(Source data):
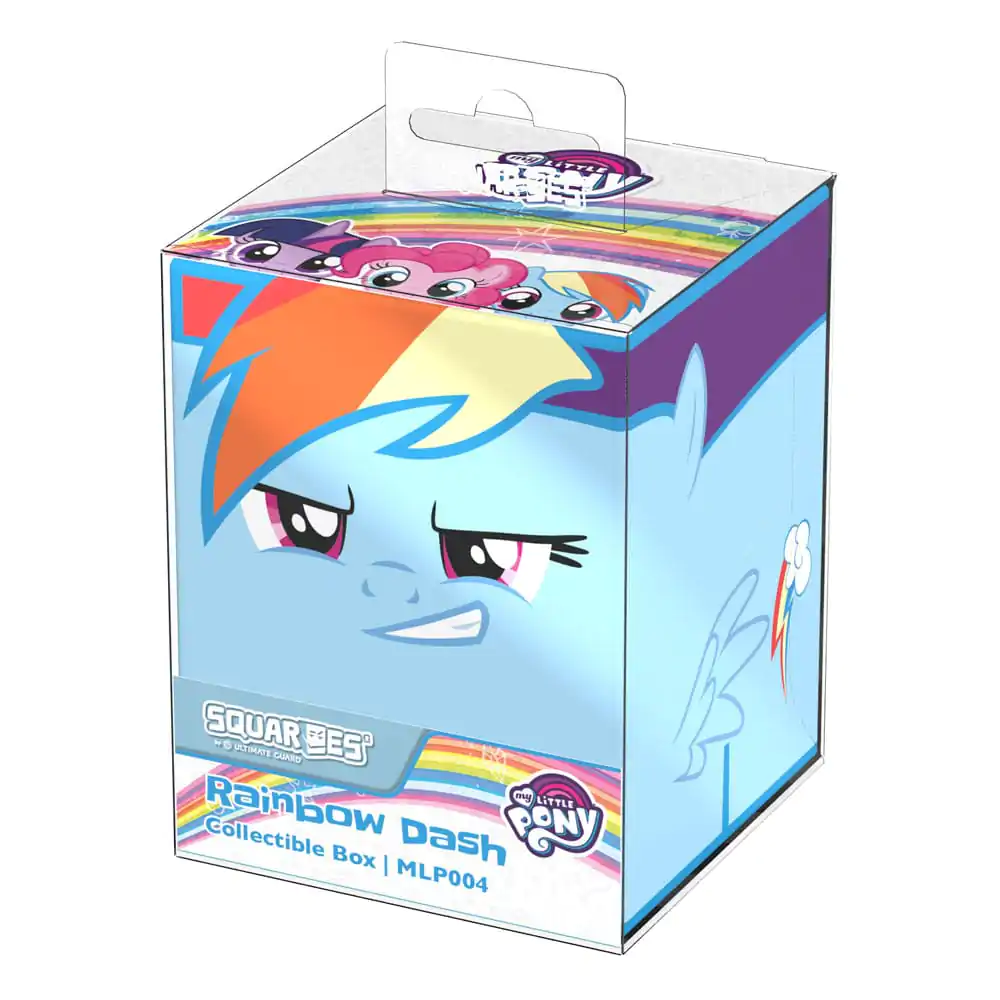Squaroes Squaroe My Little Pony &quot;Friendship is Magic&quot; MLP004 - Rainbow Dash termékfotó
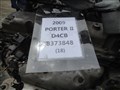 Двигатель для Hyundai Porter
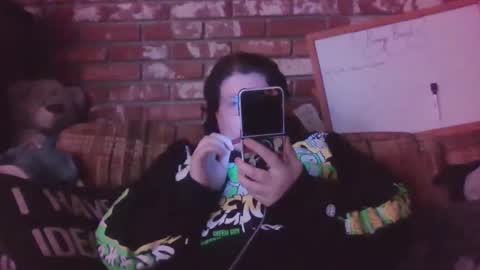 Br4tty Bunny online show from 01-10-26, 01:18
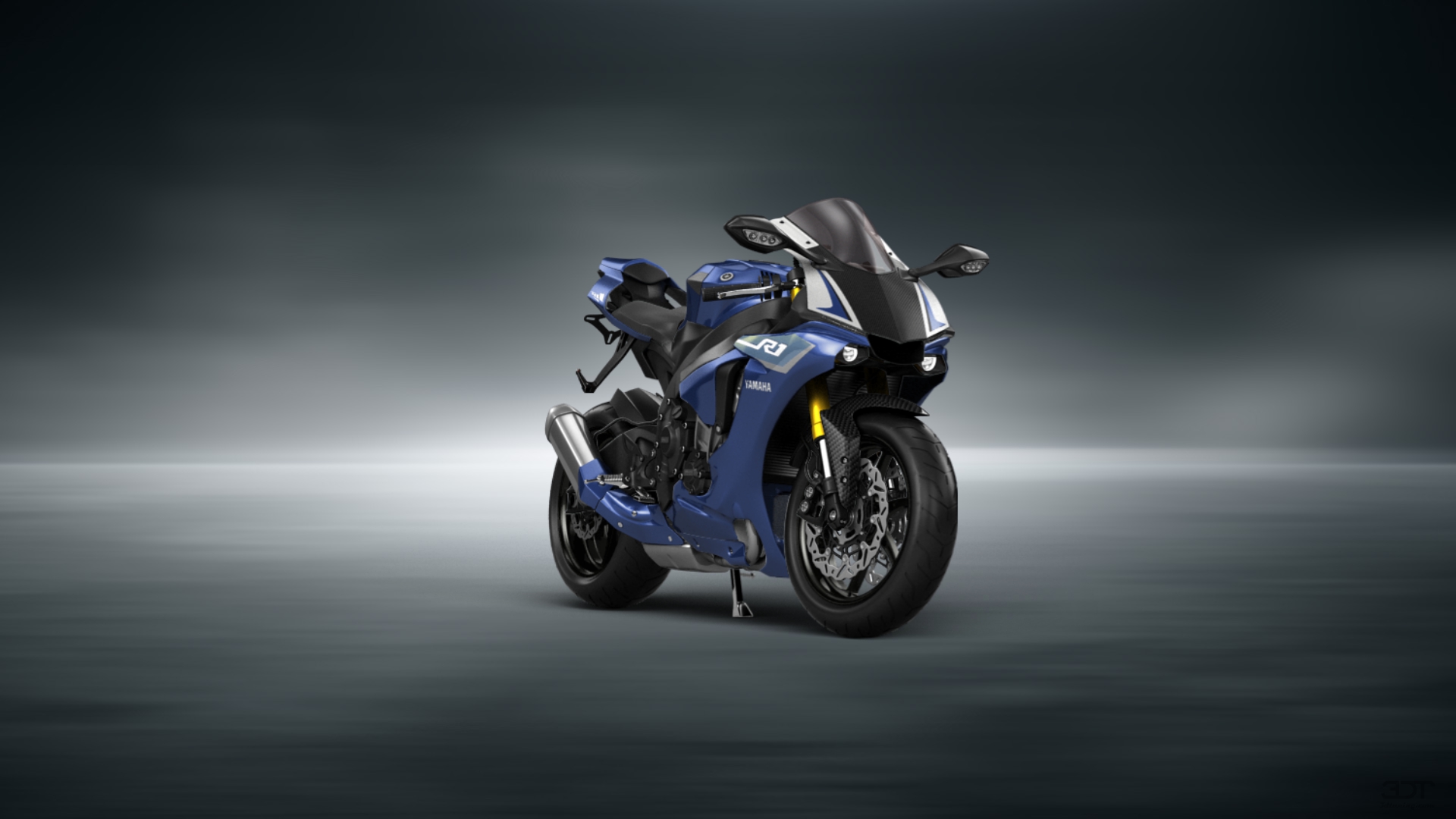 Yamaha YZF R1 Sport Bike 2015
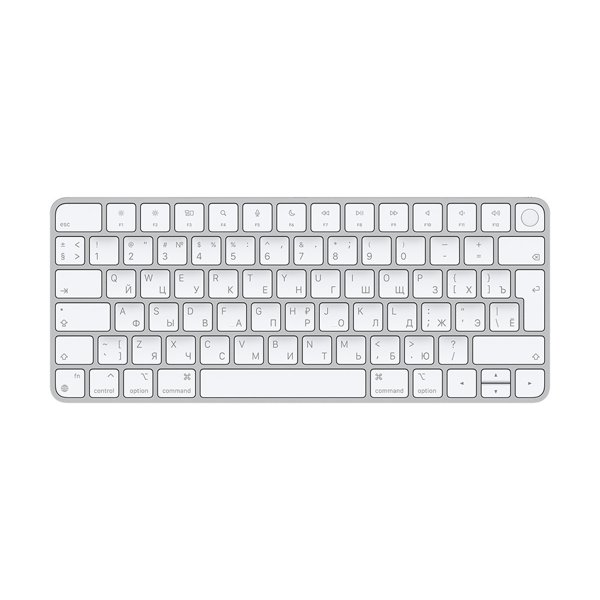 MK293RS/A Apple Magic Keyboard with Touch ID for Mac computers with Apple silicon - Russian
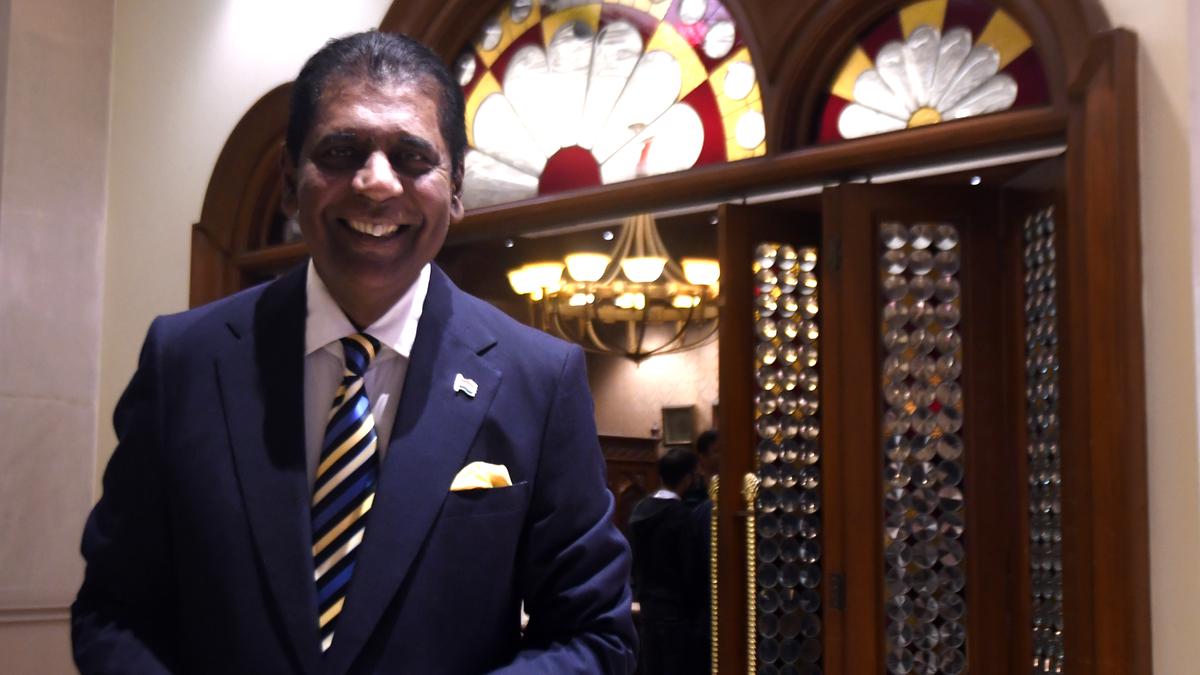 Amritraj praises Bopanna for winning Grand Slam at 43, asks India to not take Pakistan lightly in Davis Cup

(Directions): Return the lines above exactly; the images are not part of the copy.

(Solution to the exercise):
Squaroes Squaroe My Little Pony &quot;Friendship is Magic&quot; MLP004 - Rainbow Dash termékfotó
 Двигатель для Hyundai Porter
 Br4tty Bunny online show from 01-10-26, 01:18
 Yamaha YZF R1 Sport Bike 2015
 MK293RS/A Apple Magic Keyboard with Touch ID for Mac computers with Apple silicon - Russian
 Amritraj praises Bopanna for winning Grand Slam at 43, asks India to not take Pakistan lightly in Davis Cup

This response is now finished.